Gromacs installation in Mac OS X
(These instructions were borrowed from Phillip W Fowler´s blog).
Prerequisites for the installation are the gcc compilers available at MacPorts. This requires you to first install Xcode.
Then the most important thing is to download the source code from the Gromacs website and unpack the software.

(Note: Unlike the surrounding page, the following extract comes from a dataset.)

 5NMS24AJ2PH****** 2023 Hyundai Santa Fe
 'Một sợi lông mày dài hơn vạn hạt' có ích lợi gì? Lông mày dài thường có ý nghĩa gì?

tar xvf gromacs-5.0.4.tar.gz
cd gromacs-5.0.4
mkdir build
Then we start with the interestign stuff. In the last few versions Gromacs has made a transition towards using cmake instead of make. Cmake is readily available for Mac OS X, so no problem with this. Then you must run the following in the command line:
cmake .. -DGMX_BUILD_OWN_FFTW=ON -DCMAKE_INSTALL_PREFIX='/usr/local/gromacs/5.0.4/'
make
sudo make install
This will install the program in /usr/local/gromacs/5.0.4
, and editing your .bashrc
file you will be able to choose the version of Gromacs that is running.
Adding MPI support on a Mac is trickier. This appears mainly to be because the gcc compilers from MacPorts do not appear to support OpenMPI. Here is a workaround
sudo port install openmpi
Now we need a compiler that supports OpenMPI
sudo port install openmpi-devel-gcc49
Finally, we can follow the steps above but now we need a more complex cmake instruction
cmake .. -DGMX_BUILD_OWN_FFTW=ON
-DGMX_BUILD_MDRUN_ONLY=on
-DCMAKE_INSTALL_PREFIX=/usr/local/gromacs/5.0.2
-DGMX_MPI=ON -DCMAKE_C_COMPILER=mpicc-openmpi-devel-gcc49
-DCMAKE_CXX_COMPILER=mpicxx-openmpi-devel-gcc49
-DGMX_SIMD=SSE4.1
This is only going to build an MPI version of mdrun
, as the other Gromacs programs do not
run in parallel. We have to tell cmake what all the new fancy compilers are called and,
unfortunately, these don’t support AVX SIMD instructions so we have to fall back to SSE4.1.
Experience suggests this doesn’t impact performance as much as you might think.